Content starts

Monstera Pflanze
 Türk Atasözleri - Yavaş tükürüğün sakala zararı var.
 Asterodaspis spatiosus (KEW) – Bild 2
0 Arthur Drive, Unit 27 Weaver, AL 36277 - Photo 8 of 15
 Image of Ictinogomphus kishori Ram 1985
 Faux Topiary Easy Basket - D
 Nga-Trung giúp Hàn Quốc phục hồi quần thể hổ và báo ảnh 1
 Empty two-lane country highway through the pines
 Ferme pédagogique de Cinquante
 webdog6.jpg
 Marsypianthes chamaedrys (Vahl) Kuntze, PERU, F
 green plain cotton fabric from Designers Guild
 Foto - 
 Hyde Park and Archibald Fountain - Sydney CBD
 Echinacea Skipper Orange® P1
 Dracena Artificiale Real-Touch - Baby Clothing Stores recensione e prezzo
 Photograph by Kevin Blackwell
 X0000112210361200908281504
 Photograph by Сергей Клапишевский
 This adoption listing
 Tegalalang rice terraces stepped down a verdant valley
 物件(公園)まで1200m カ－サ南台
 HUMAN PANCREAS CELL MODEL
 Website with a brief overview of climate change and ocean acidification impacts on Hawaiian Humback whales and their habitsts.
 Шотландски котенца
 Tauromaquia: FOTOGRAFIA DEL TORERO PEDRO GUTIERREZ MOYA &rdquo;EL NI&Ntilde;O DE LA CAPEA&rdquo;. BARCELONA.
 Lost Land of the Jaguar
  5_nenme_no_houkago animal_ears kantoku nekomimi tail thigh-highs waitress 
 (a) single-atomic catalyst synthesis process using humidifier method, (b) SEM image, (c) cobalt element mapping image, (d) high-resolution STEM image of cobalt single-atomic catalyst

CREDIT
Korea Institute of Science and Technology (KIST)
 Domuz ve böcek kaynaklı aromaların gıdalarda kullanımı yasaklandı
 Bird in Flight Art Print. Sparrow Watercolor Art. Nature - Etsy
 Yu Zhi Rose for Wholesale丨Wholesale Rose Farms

Content ends

--- Exercise description ---
Across the entries above, state how many lines include the string "Photograph", with no other text.

--- Answer to the problem ---
2